Disadvantages: NOT designed for model parameters tuning
Models selection and usage¶
Select the pre-training model according to the subject (here are some of the open-source models):
Pre-training model name |
Subject of model training data |
|---|---|
d2v_math_300 |
math |
w2v_math_300 |
math |
elmo_math_2048 |
math |
bert_math_768 |
math |
bert_taledu_768 |
math |
disenq_math_256 |
math |
quesnet_math_512 |
math |
Example¶
from EduNLP import get_pretrained_i2v
i2v = get_pretrained_i2v("w2v_eng_300")
item_vector, token_vector = i2v(items)
Use a pretrained model from local¶
You can use any pretrained model provided by yourself (with the storage path of the model) to convert the given question text into vectors.
Advantages: flexible, free to tune your model parameters.
All I2V containers provided¶
Name |
I2V container |
|---|---|
w2v |
W2V |
d2v |
D2V |
elmo |
Elmo |
bert |
Bert |
disenq |
DisenQ |
quesnet |
QuesNet |
Note
The complete list of the public pretrained models provided by EduNLP can be found through Vector.t2v.get_all_pretrained_models or Modelhub
Example¶
from EduNLP.I2V import W2V
# load vectorization container
pretrained_path = "path/to/model"
i2v = W2V("pure_text", "w2v", pretrained_path)
# vectorization
item_vector, token_vector = i2v(items)
# or
item_vector, token_vector = i2v.infer_vector(items)
# or
item_vector = i2v.infer_item_vector(items)

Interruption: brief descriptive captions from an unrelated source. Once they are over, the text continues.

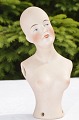 Biscuit buste, 
Half doll 
woman.Half pin 
cushioon doll. 
Height 11 cm. 
Fine condition.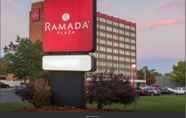 Exterior 7 Ramada Plaza by Wyndham Albany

token_vector = i2v.infer_token_vector(items)
Note
I2V container of different models can be slightly different in use, please refer to the specific API guide.
Specific I2V examples¶
T2V container¶
T2V is designed to convert tokenization sequence (tokens) to vectors.
Advantages: separated from tokenization, users are free to configure tokenization and vectorization parameters.

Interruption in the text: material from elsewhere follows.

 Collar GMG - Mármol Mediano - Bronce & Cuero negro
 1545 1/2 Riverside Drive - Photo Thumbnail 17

I2V also provides two ways of vectorization:
Use a pretrained model from local
Use an open-source pretrained model
Items to input¶
T2V accepts only tokenization sequence (tokens) as input, please use Tokenizer to obtain tokens before this.
from EduNLP.Tokenizer import PureTextTokenize
raw_items = [
r"题目一:如图几何图形.此图由三个半圆构成,三个半圆的直径分别为直角三角形$ABC$的斜边$BC$, 直角边$AB$, $AC$.$\bigtriangleup ABC$的三边所围成的区域记为$I$,黑色部分记为$II$, 其余部分记为$III$.在整个图形中随机取一点,此点取自$I,II,III$的概率分别记为$p_1,p_2,p_3$,则$\SIFChoice$$\FigureID{1}$",
r"题目二: 如图来自古希腊数学家希波克拉底所研究的几何图形.此图由三个半圆构成,三个半圆的直径分别为直角三角形$ABC$的斜边$BC$, 直角边$AB$, $AC$.$\bigtriangleup ABC$的三边所围成的区域记为$I$,黑色部分记为$II$, 其余部分记为$III$.在整个图形中随机取一点,此点取自$I,II,III$的概率分别记为$p_1,p_2,p_3$,则$\SIFChoice$$\FigureID{1}$"
]
tokenizer = PureTextTokenizer()
token_items = [t for t in tokenizer(raw_items)]
Use an open-source pretrained model¶
Note
The open-source models are same as I2V
Example: load a pretrained model to W2V:
from EduNLP.Vector import get_pretrained_t2v
model_dir = "path/to/save/model"
t2v = get_pretrained_t2v("test_w2v", model_dir=model_dir)
item_vector = t2v.infer_vector(token_items)
# [array(), ..., array()]
token_vector = t2v.infer_tokens(token_items)
# [[array(), ..., array()], [...], [...]]
Use a pretrained model from local¶
All T2V containers provided:
Name |
T2V container |
|---|---|
w2v |
W2V |
d2v |
D2V |
elmo |
ElmoModel |
bert |
BertModel |
dienq |
DisenQMode |
quesnet |
QuesNetModel |
Example: load a local models to W2V container:
from EduNLP.Vector import T2V, W2V
path = "path_to_model"
t2v = T2V('w2v', filepath=path)
# 或
# t2v = W2V(path)
tem_vector = t2v.infer_vector(token_items)
# [array(), ..., array()]
token_vector = t2v.infer_tokens(token_items)
# [[array(), ..., array()], [...], [...]]
Note
I2V container of different models can be slightly different in use, please refer to the specific API guide.